Action item
The line containing "Foreign Affairs America" and all lines following it in the listing below are to be reproduced exactly, with no other lines.

Supplied data
──────

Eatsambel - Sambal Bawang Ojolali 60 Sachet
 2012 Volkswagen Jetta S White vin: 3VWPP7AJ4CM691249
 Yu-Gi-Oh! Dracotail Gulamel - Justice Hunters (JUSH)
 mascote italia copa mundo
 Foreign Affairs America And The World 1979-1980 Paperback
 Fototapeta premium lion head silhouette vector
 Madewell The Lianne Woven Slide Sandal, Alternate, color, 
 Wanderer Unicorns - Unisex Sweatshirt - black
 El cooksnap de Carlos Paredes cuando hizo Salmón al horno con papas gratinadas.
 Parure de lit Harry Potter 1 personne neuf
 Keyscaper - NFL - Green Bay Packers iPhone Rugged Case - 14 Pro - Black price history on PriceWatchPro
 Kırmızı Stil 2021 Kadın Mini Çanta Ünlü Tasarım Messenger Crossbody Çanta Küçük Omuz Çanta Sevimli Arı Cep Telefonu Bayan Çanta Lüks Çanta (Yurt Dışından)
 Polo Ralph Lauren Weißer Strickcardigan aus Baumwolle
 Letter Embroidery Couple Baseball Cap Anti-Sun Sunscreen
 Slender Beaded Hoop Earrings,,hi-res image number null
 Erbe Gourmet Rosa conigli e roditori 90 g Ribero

──────

Task output
 Foreign Affairs America And The World 1979-1980 Paperback
 Fototapeta premium lion head silhouette vector
 Madewell The Lianne Woven Slide Sandal, Alternate, color, 
 Wanderer Unicorns - Unisex Sweatshirt - black
 El cooksnap de Carlos Paredes cuando hizo Salmón al horno con papas gratinadas.
 Parure de lit Harry Potter 1 personne neuf
 Keyscaper - NFL - Green Bay Packers iPhone Rugged Case - 14 Pro - Black price history on PriceWatchPro
 Kırmızı Stil 2021 Kadın Mini Çanta Ünlü Tasarım Messenger Crossbody Çanta Küçük Omuz Çanta Sevimli Arı Cep Telefonu Bayan Çanta Lüks Çanta (Yurt Dışından)
 Polo Ralph Lauren Weißer Strickcardigan aus Baumwolle
 Letter Embroidery Couple Baseball Cap Anti-Sun Sunscreen
 Slender Beaded Hoop Earrings,,hi-res image number null
 Erbe Gourmet Rosa conigli e roditori 90 g Ribero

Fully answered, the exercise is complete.